Le verdict est finalement tombé dans le procès du cardiologue Guy Turcotte : non criminellement responsable pour cause de troubles mentaux. À peine le verdict a-t-il été prononcé que la planète Web s’est enflammée. Beaucoup se sont dits surpris de ce dénouement, d’autres ont remis en question leur croyance en notre système de justice.
Pour ma part, je dois avouer que le verdict m’a surpris. Non qu’il m’était impossible de concevoir un verdict de non-responsabilité criminelle pour cause de troubles mentaux, mais bien parce que j’étais convaincu que dans un cas aussi médiatisé ayant directement atteint la sensibilité et les valeurs de la population, un verdict de meurtres au premier degré (meurtres prémédités) m’apparaissait plus probable. Comme me l’a un jour dit un professeur de droit et avocat de la défense reconnu, l’impartialité est une utopie en justice, quelque chose qu’on désire établir lors de procès, mais qui n’est aucunement compatible avec la nature humaine. La population est partiale, les avocats sont partiaux, les jurés sont partiaux et même les juges le sont. Le nier, c’est se mettre la tête dans le sable. Mais bon, cela pourrait faire l’objet d’un autre débat et d’un autre billet.
Cela étant dit, qu’on soit d’accord ou non avec le verdict rendu par les onze jurés, je crois qu’il importe d’expliquer ce qu’il implique. Contrairement à la croyance populaire, Guy Turcotte n’est pas un homme libre, loin de là . En fait, un individu reconnu non criminellement responsable pour cause de troubles mentaux verra son sort être remis entre les mains de la Commission d’examen.
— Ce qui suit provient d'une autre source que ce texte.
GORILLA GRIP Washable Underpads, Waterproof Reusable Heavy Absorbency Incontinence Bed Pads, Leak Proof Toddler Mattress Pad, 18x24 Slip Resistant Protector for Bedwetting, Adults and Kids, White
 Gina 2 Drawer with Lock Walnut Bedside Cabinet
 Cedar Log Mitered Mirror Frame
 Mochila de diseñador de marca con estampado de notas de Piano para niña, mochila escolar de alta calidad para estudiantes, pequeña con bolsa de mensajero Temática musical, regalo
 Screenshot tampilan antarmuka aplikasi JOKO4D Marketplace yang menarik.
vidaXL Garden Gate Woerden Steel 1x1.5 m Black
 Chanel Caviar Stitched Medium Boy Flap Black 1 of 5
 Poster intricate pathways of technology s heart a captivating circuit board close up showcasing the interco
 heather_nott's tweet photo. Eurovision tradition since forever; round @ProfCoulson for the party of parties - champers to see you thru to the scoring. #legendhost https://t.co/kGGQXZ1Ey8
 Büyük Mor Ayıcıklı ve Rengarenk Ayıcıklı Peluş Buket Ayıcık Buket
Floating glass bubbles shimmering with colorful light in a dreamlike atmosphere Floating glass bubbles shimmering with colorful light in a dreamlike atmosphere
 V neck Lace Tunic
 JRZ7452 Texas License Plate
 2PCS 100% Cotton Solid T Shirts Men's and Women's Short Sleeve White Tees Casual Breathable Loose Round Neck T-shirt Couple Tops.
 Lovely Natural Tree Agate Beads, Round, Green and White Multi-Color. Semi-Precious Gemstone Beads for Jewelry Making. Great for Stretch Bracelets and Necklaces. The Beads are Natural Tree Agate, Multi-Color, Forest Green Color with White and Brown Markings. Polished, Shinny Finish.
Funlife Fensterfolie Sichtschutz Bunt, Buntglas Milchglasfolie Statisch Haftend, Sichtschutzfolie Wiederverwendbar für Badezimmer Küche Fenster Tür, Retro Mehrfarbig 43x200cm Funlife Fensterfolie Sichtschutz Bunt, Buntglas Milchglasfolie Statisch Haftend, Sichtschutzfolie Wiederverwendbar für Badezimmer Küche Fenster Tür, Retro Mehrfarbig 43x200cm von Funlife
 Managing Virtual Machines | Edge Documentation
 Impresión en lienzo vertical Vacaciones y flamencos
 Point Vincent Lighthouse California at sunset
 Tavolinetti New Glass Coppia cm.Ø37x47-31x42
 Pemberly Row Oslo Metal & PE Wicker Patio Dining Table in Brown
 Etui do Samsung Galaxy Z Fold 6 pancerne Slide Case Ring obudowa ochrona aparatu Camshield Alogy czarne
Celle-ci devra prendre l’une des trois décisions suivantes : remettre l’individu en liberté inconditionnelle, le soumettre à une liberté conditionnelle avec des restrictions très claires ou bien le garder au sein d’un établissement psychiatrique.
Ainsi, oui, la Commission pourrait remettre en liberté Guy Turcotte inconditionnellement, mais elle pourrait aussi le garder détenu dans un établissement psychiatrique. Ce seront les analyses et les rapports d’experts qui guideront la décision de la Commission.
Croyez-moi, par expérience, une personne reconnue non criminellement responsable pour cause de troubles mentaux peut demeurer très longtemps sous la Commission d’examen, aussi longtemps qu’elle représentera un danger pour la société ou pour elle-même. D’ailleurs, dans le cas du Dr Turcotte, je ne pense pas qu’il représente un danger pour la société, mais plutôt pour lui-même. Même si nous ne connaissons pas tous les détails de cette affaire et que nous pouvons encore moins interroger le cardiologue, je crois qu’il présente un haut risque suicidaire puisque non seulement a-t-il manifesté de la culpabilité par rapport à ses gestes, mais il semble encore avoir du mal à accepter l’échec de son mariage. De plus, son nom et son visage sont connus et il est assez intelligent pour savoir que sa vie ne sera plus jamais la même à partir de maintenant. Tous ces facteurs sont des éléments permettant de croire que Turcotte présente un haut risque pour lui-même. Tant que ce dernier ne sera écarté, je doute que le médecin le plus tristement connu du Québec recouvre une liberté totale.